I obviously prefer to focus on pro-potential when discussing college prospects rather than awards season. However, Heisman trophy candidates is a topic worth discussing. Like it or not, teams do list and note these honors when attempting to “sell” prospects to other members of the scouting department.
I certainly heard “but Sam Bradford won the Heisman” a handful of times during his first training camp with the Rams, commonly when other possible selections at No. 1 were discussed. Now, don’t read into that as a lack of confidence in St.

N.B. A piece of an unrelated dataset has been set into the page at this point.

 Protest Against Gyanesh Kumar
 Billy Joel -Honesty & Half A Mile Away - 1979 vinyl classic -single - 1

Louis’ quarterback, it is an evaluator's job to run through different scenarios and ask questions.
With that said, the following names are the three prospects I consider to be at the top of the list heading into this season (outside of Johnny Manziel). Under each name I will briefly explain a certain aspect of each player's game that will help lead them to the Heisman presentation ceremony.
If you prefer video format, I sat down with Kay Adams to discuss some of the candidates:
1. South Carolina DE Jadeveon Clowney
Many will cite Manti Te’o’s runner up status in last year’s Heisman race as evidence for Clowney winning this season. There’s one main difference: Te’o was able to frequently run free behind an outstanding talent in Louis Nix and his counterpart Stephon Tuitt. Clowney, on the other hand, will have to win his individual matchup on every snap. Double teams are fairly rare at the NFL level, but seem to be more prominent in college. South Carolina’s goal should be to limit those occurrences, including chip blocks on the edge.

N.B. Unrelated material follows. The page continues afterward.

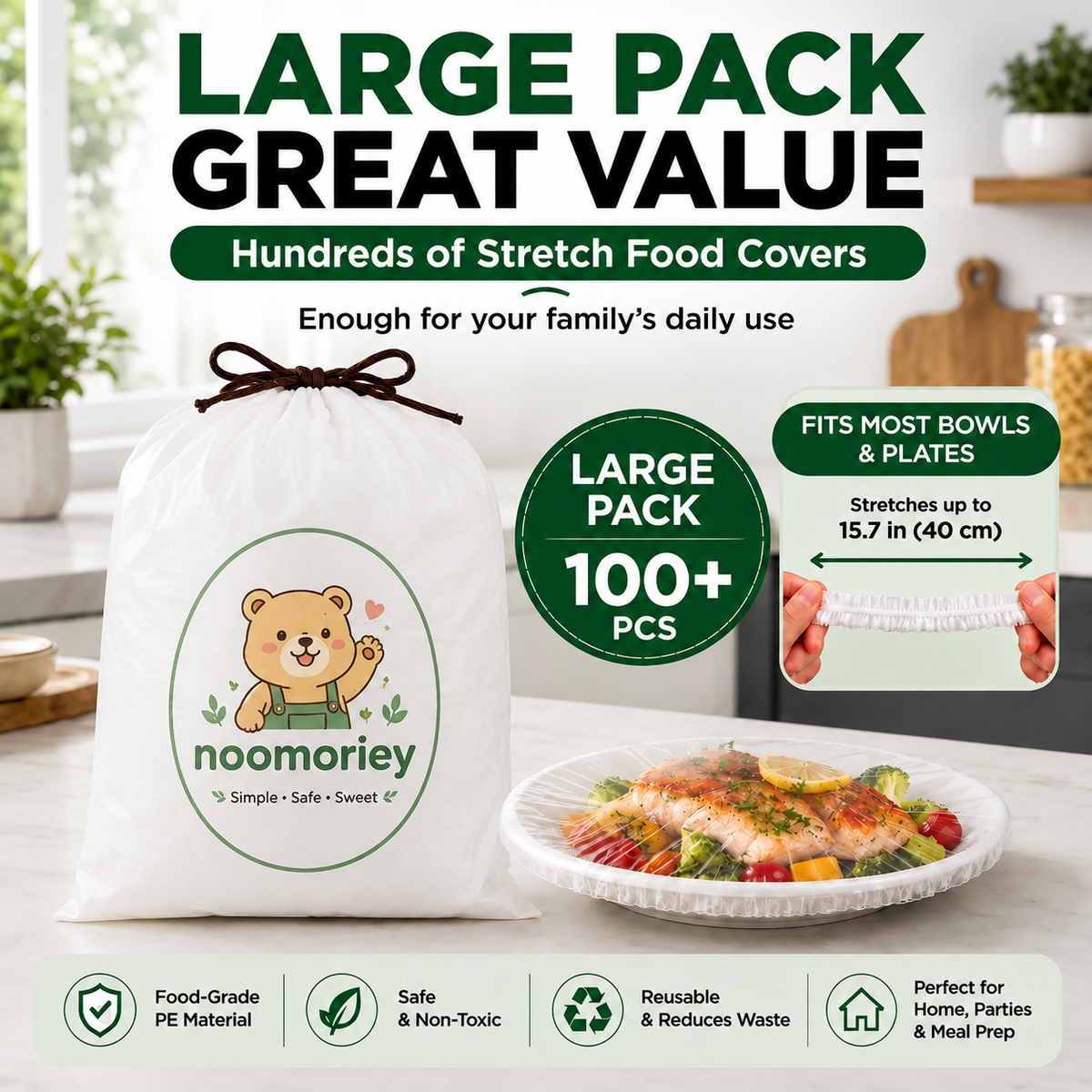 Disposable Stretch Food Covers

I expect defensive end Chaz Sutton to take the next step in his development. In fact, I thought he was a better on-field talent than Devin Taylor last season. Kelcy Quarles also needs to win his individual matchups.
2. Ohio State QB Braxton Miller
Going into his second season as a starter, Miller needs to show patience. Last year he tended to press, resulting in poor pocket awareness. In fact, Miller displayed the two negative signs of pocket functionality: lead feet and antsy steps. Despite his notable running skills, heavy feet in the pocket can result in poor scrambling success. Miller’s comfort in the pocket reportedly improved during spring work.

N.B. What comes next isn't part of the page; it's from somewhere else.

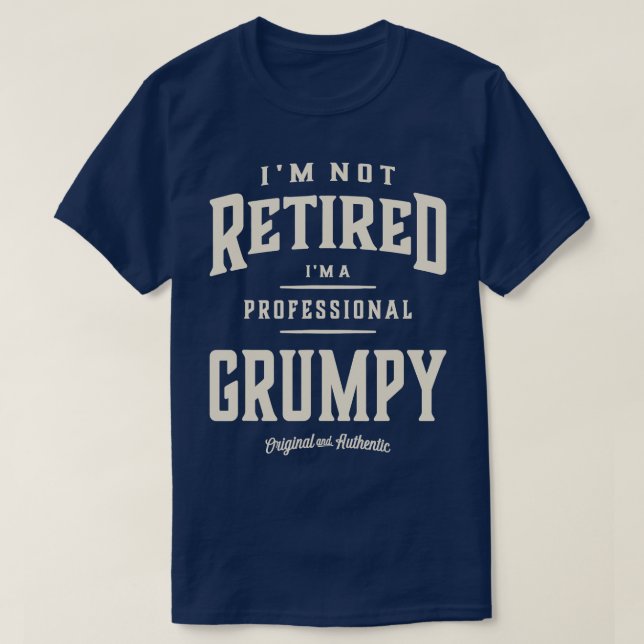 T-shirt Mens Professional Grandpa Edition Papa Grandpa (Design devant)
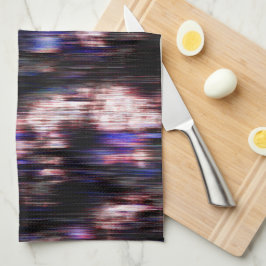 Penseel hout met neonvlekken? theedoek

I also expect the Buckeyes to work from the pistol more often. This will mainly help with the offense’s play action success.
3. Oregon QB Marcus Mariota
With summer evaluations coming to a close, I am shocked to see redshirt sophomores like Texas A&M’s Johnny Manziel and UCLA’s Brett Hundley receiving more buzz than Mariota. The redshirt sophomore quarterback generating the least buzz (somehow) is Kevin Hogan, but that is a post for another time.
My only guess is many lumped Mariota in with other Chip Kelly products without actually watching him. I truly think the Oregon quarterback can shine in the pocket, but he isn’t limited to it. Mobility and agility are great traits to have at quarterback, but unless they can consistently succeed in the pocket their window of success is smaller.
I expect the Ducks to throw more, and Mariota has some outstanding targets. Obviously De’Anthony Thomas is an all-purpose threat and Josh Huff is a senior wideout, but don’t sleep on tight ends Colt Lyerla and Pharaoh Brown. Mariota flashes great poise from the pocket and could be easily be No. 1 on this list if he consistently makes the correct decisions at the correct times in a very favorable offense.